Now that Viola has been so graciously received by the Duke, her immediate future is secure as long as she keeps up her pretense of being a young man. Being resourceful has paid off. The Duke’s disclosing to her his innermost thoughts reveals that Viola is trustworthy enough to be chosen as his chief messenger to Olivia. His genuine affection for her is revealed in this scene where he describes her physical virtues as being perfect for playing the part of emissary. He, though he doesn’t know it yet, fancies Viola despite her guise of being a man. This affection for her allows the reader to accept his change of mind at the end of the play, when he decides to marry Viola and not Olivia.
What Viola thinks of the Duke is another matter. She presents an interesting dilemma when asking Valentine, whether the Duke is "inconstant in his favors." She is hoping that he will be constant in his favors to her, not to Olivia; therefore, the question is double- edged. When Valentine confirms that he is, she is disappointed because it means that he may always carry a torch for Olivia. Later, in the last line of this scene the audience understands that Viola has fallen for the Duke when she proffers to the audience an aside, ""Whoe’er I woo, myself would be his wife."

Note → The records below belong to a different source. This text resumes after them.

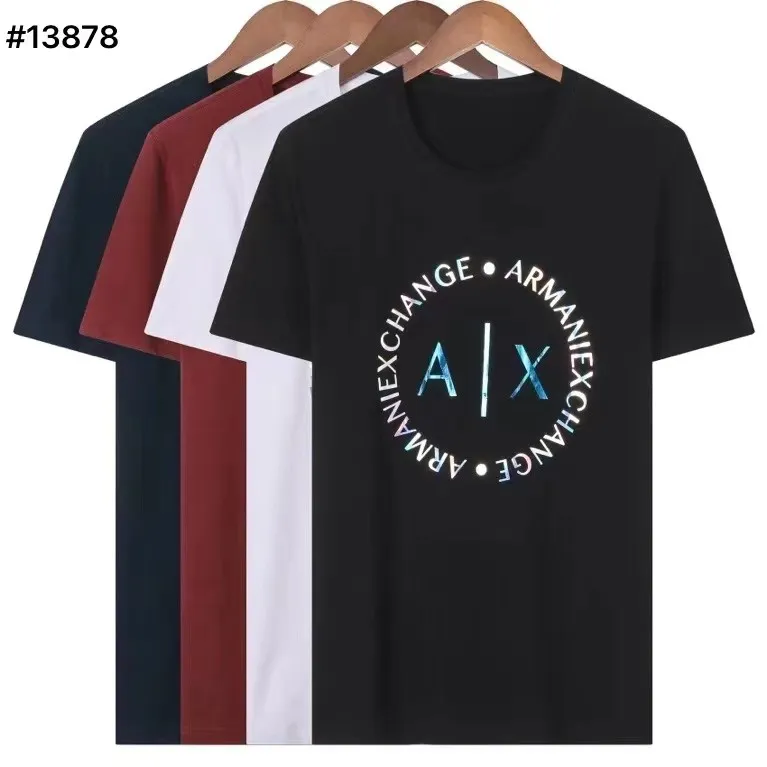 AMN Round T shirt-52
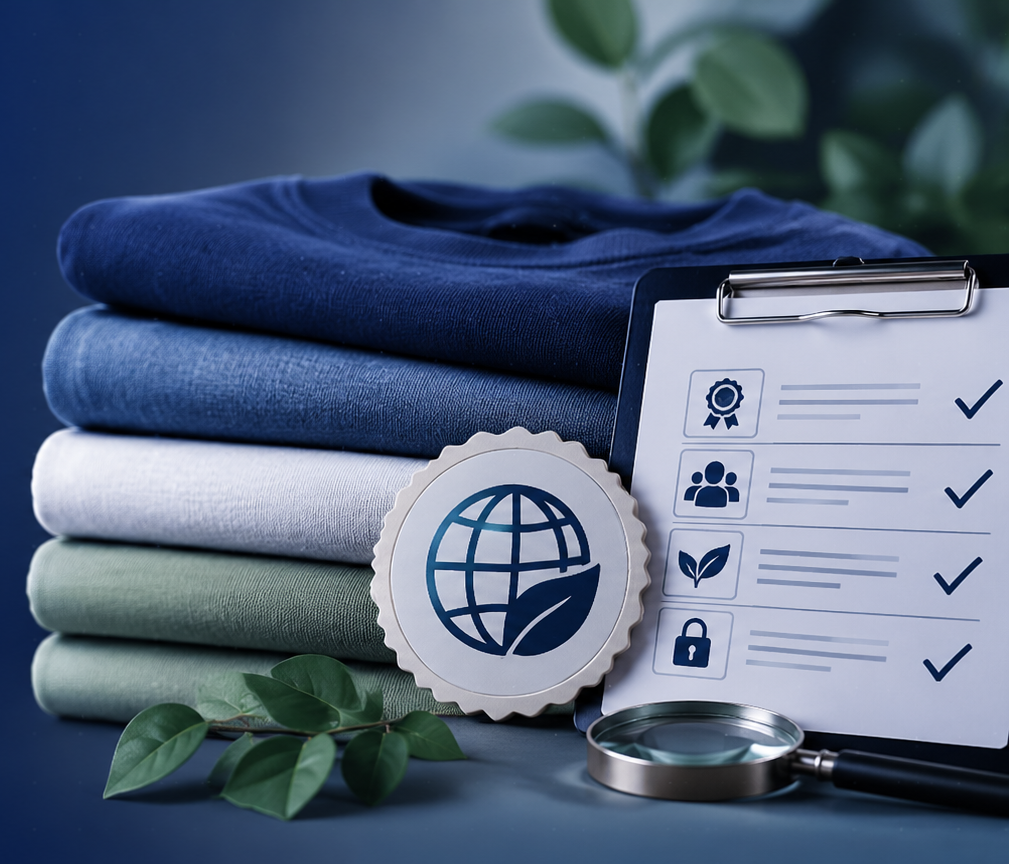 10+ active certifications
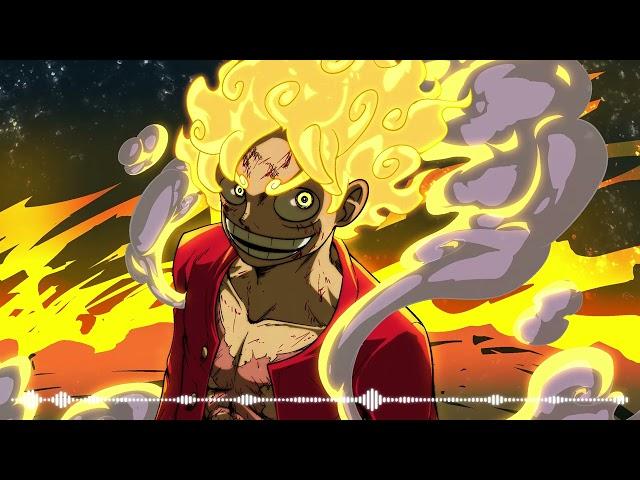 One Piece - Luffy's Awakening Theme // Hip Hop / Trap Remix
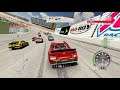 Atlanta Motor Speedway - NASCAR '15 Victory Edition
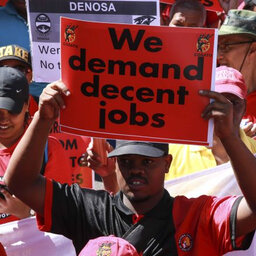 Cosatu calls for a review of laws around retrenchments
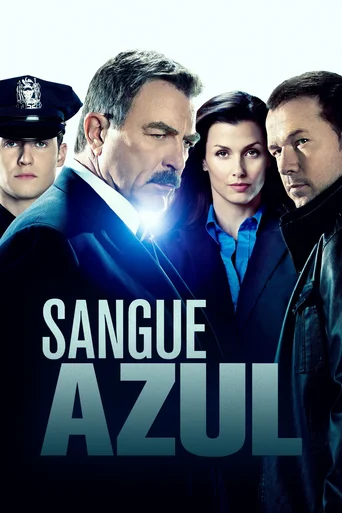 Sangue Azul - Temporada 7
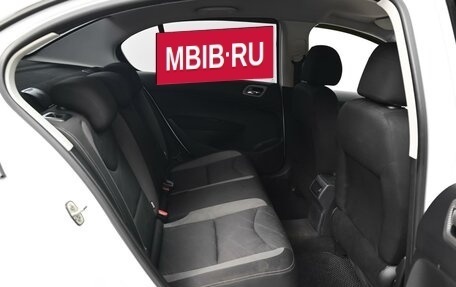 Peugeot 408 I рестайлинг, 2013 год, 709 000 рублей, 7 фотография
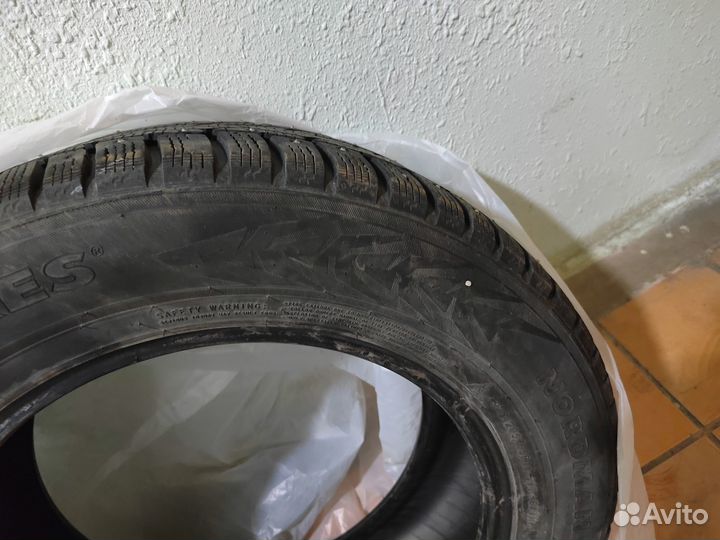 Nokian Tyres Nordman 7 205/65 R16 99B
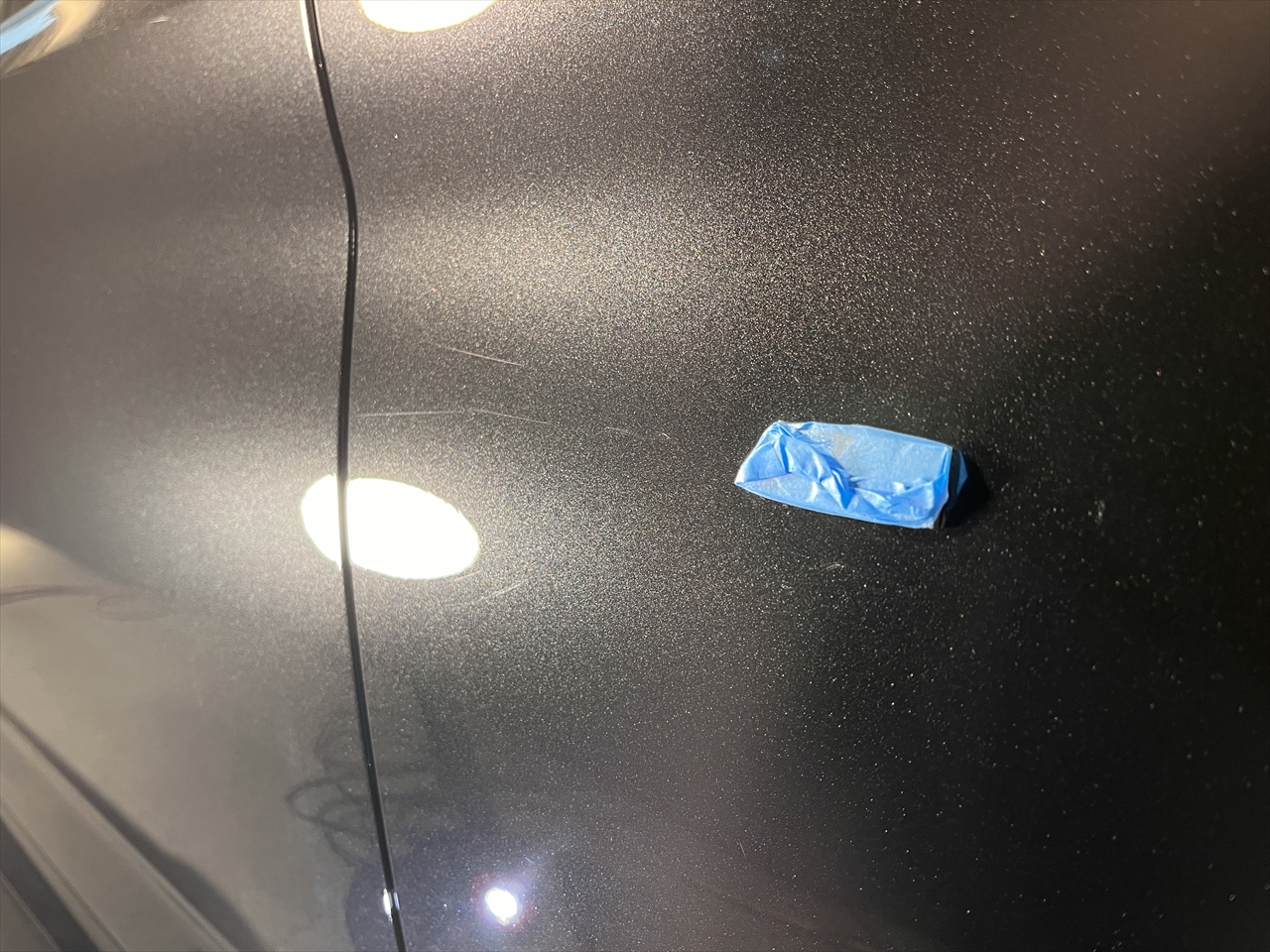 カーコーティング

The dramatic irony which reveals itself in this scene is manifold. It is here where the audience first witnesses Viola acting the part of a man and can appreciate her verbal play regarding gender and her hidden identity. Also, it is ironic that Viola, who has fallen in love with the Duke must carry messages of love to Olivia on his behalf. She must do so without any objection in order to maintain her disguise and because of her guise, Viola will inadvertently set up another complicated romance between herself and Olivia in the next scene. Viola is the only one who completely understands the irony of her position as well as what is going on with the other characters; therefore she becomes the emissary of knowledge to the audience as well.